What Could Be Improved
-
ATM failover was slow. ATM machines should have been configured to retry transactions on PTB1 via the sysplex distributor, but some ATM controllers had hardcoded connections to PTB2's specific IP address.
-
Mobile app error handling was poor. The mobile app showed generic "Service Unavailable" errors instead of a user-friendly "Please try again in a moment" message with automatic retry.
-
Hardware repair took 28 minutes. If the spare LPAR on CPC-2 had been pre-configured with a DB2 image, PTB2 could have been restarted on the spare LPAR within minutes, without waiting for hardware repair.
-
Response time degradation on PTB1 was not anticipated. The capacity planning model did not account for the CPU overhead of peer recovery. Additional LPAR CPU capacity should be provisioned for this scenario.
Recommendations
- Configure all ATM controllers to use the DVIPA (group address) rather than member-specific IP addresses.
- Add retry logic to the mobile application with exponential backoff and user-friendly error messages.
- Pre-configure a warm spare LPAR on CPC-2 with DB2 installed, ready to take over PTB2's identity within minutes.
- Increase PTB1's LPAR CPU allocation by 15% to absorb peer recovery overhead without impacting response times.

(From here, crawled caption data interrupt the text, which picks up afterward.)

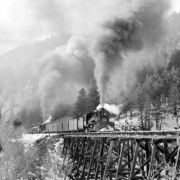 Three-quarter view of left side of engine, from front end; on trestle, with helper engine 452; smoke; snow. Photographed: Wade, Colorado,  November 19, 1951.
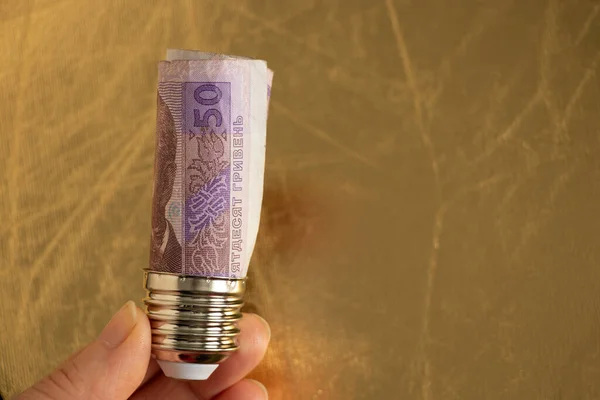 50 Hryvnia banknotlu lamba tutacağı sarı arka plandaki bir kadının elinde vidalanmış, elektrik fiyatı.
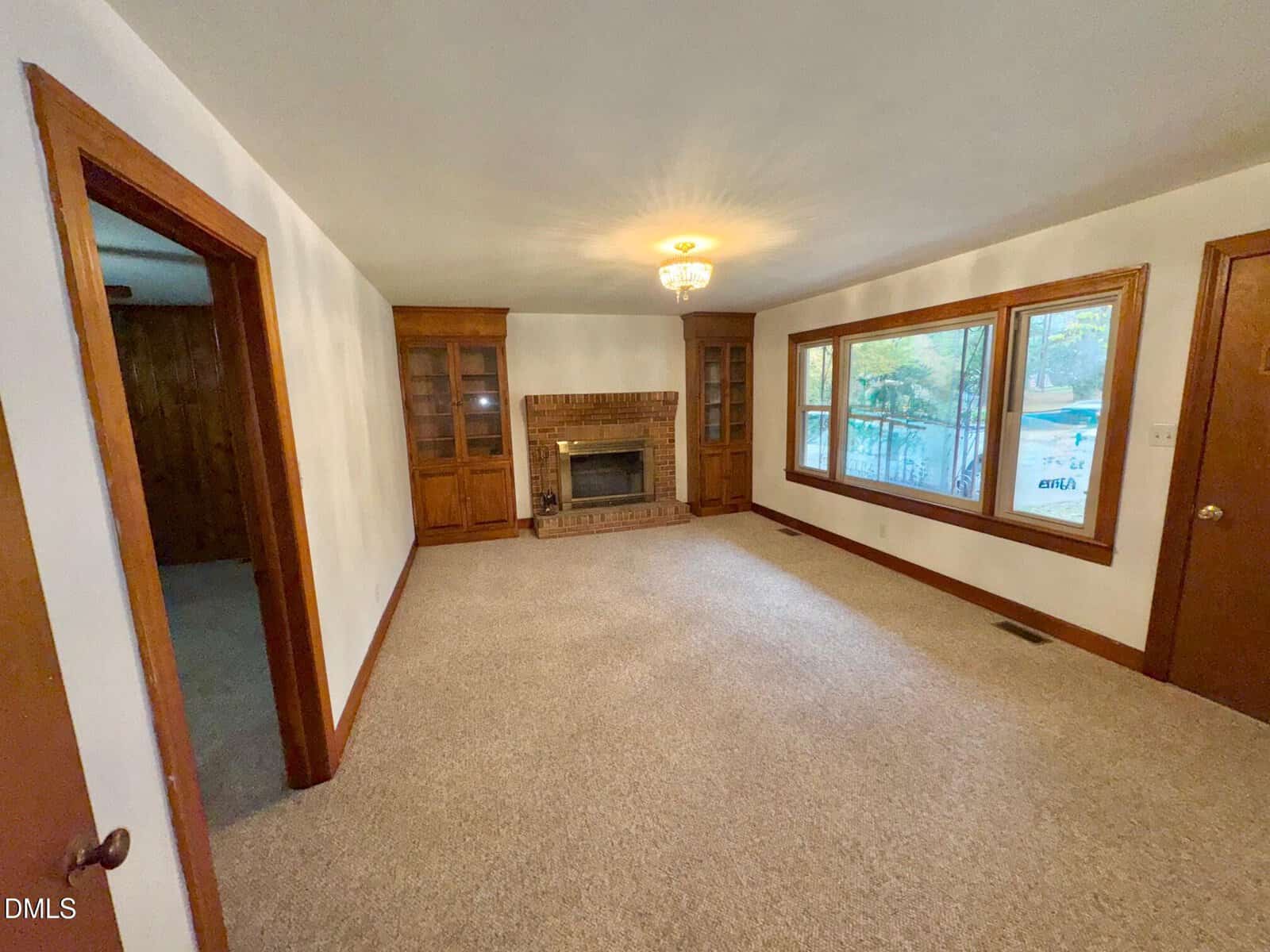 A carpeted living room with white walls, a brick fireplace centered between two wooden built-in cabinets, large windows on one wall, a ceiling light fixture, and a wooden door on the right.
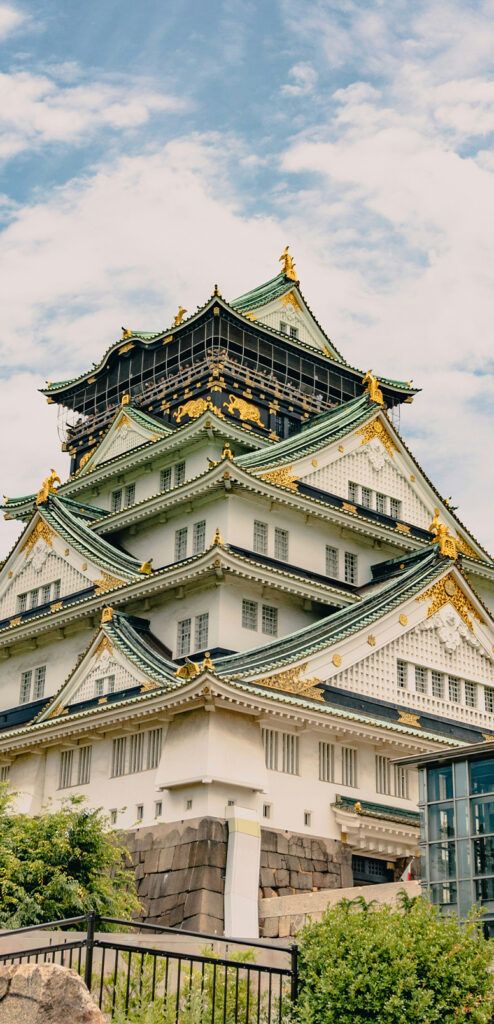 A photo of Osaka Castle's main tower, a five-story building with emerald-coloured roofs, ornate detailing and gold trim. Green foliage surrounds the site.
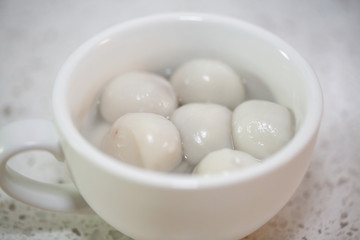 Flat lay Chinese food `tang yuan` glutinous rice ball sweet hot soup on kitchen table top. - Image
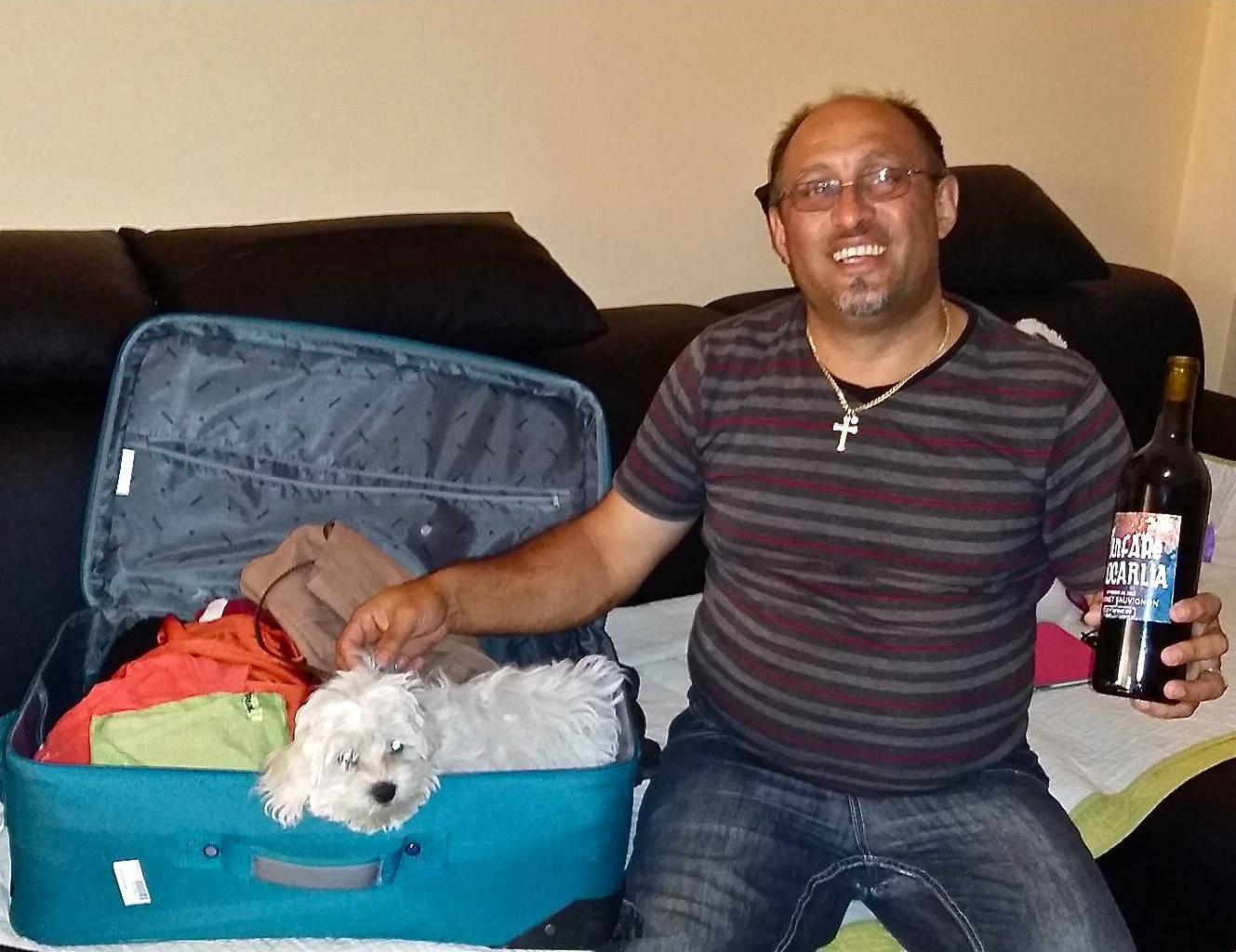 Oprica holding bottle of Fanfare Ciocarlia branded wine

- Conduct quarterly failure simulation drills to ensure operational readiness.
Discussion Questions
- If PTB2 had been running long-running utility jobs (REORG, COPY) at the time of failure, how would that have affected peer recovery?
- What would have happened if PTB1 had also failed during the peer recovery process (i.e., only PTB3 remained)?
- If the coupling facility had failed instead of the LPAR, how would the scenario differ? What if both CFs failed?
- Calculate the approximate financial impact of the 45-minute outage for PTB2's workload, assuming $0.15 revenue per ATM transaction and 2,500 TPS.